== Segment start ==
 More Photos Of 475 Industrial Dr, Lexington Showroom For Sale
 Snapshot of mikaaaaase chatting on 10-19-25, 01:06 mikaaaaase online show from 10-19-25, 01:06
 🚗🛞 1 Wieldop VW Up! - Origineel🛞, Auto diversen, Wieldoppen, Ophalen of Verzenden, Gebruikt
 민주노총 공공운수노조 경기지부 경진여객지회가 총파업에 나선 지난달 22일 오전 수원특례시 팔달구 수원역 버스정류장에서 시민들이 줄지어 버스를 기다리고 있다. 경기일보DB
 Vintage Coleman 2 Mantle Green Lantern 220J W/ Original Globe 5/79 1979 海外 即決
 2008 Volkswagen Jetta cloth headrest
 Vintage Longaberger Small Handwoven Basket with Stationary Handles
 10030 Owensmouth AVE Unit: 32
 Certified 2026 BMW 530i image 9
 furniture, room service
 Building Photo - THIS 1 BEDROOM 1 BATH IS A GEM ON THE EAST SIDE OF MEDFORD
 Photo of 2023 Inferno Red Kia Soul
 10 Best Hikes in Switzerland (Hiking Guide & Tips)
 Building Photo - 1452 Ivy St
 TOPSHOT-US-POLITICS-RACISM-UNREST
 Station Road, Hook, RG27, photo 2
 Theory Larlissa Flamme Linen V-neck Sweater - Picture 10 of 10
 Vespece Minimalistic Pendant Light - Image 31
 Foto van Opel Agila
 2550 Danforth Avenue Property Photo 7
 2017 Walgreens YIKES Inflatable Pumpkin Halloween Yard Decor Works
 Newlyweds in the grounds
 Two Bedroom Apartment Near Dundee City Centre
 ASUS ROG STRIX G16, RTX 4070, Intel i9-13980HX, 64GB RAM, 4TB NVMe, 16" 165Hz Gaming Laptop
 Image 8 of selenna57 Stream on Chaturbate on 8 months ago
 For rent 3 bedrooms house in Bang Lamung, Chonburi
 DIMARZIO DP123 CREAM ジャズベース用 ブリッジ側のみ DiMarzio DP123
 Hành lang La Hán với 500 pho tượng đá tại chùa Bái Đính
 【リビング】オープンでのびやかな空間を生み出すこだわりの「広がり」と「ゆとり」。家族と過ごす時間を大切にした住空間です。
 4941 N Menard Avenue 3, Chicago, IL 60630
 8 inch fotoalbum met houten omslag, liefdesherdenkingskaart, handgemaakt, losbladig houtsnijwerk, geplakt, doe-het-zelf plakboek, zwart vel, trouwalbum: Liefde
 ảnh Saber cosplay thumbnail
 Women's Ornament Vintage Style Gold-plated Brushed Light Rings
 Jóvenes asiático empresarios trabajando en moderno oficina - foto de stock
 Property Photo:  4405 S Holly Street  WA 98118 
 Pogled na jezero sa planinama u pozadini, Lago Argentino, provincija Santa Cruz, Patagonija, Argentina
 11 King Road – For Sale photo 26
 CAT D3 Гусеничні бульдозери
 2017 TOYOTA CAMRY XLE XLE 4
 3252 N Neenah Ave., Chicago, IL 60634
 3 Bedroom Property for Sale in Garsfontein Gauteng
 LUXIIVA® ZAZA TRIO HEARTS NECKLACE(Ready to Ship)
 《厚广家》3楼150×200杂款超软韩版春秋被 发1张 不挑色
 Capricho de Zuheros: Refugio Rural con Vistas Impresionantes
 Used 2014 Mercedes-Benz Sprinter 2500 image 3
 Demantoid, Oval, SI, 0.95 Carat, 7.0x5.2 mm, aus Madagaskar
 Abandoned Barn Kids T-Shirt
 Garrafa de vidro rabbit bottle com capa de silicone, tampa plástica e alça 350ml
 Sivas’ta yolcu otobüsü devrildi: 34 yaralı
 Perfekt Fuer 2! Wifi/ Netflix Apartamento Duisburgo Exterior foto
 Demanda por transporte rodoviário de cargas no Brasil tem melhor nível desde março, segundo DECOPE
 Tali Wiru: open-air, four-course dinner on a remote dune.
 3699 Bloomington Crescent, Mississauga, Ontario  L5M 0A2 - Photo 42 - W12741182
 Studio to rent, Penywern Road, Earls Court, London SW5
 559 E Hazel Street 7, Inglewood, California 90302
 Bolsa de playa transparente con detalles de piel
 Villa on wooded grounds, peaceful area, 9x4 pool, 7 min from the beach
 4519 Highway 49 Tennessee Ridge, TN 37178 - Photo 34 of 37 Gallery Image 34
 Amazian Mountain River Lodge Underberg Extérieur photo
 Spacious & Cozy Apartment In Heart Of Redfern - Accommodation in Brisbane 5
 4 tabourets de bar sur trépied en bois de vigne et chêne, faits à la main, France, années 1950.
== Segment end ==
Would you output, from the records above, exactly the run of lines that starts at the line containing "민주노총 공공운수노조 경기지부" and ends at the line containing "Building Photo - THIS", and only that run?

Reply to the exercise
 민주노총 공공운수노조 경기지부 경진여객지회가 총파업에 나선 지난달 22일 오전 수원특례시 팔달구 수원역 버스정류장에서 시민들이 줄지어 버스를 기다리고 있다. 경기일보DB
 Vintage Coleman 2 Mantle Green Lantern 220J W/ Original Globe 5/79 1979 海外 即決
 2008 Volkswagen Jetta cloth headrest
 Vintage Longaberger Small Handwoven Basket with Stationary Handles
 10030 Owensmouth AVE Unit: 32
 Certified 2026 BMW 530i image 9
 furniture, room service
 Building Photo - THIS 1 BEDROOM 1 BATH IS A GEM ON THE EAST SIDE OF MEDFORD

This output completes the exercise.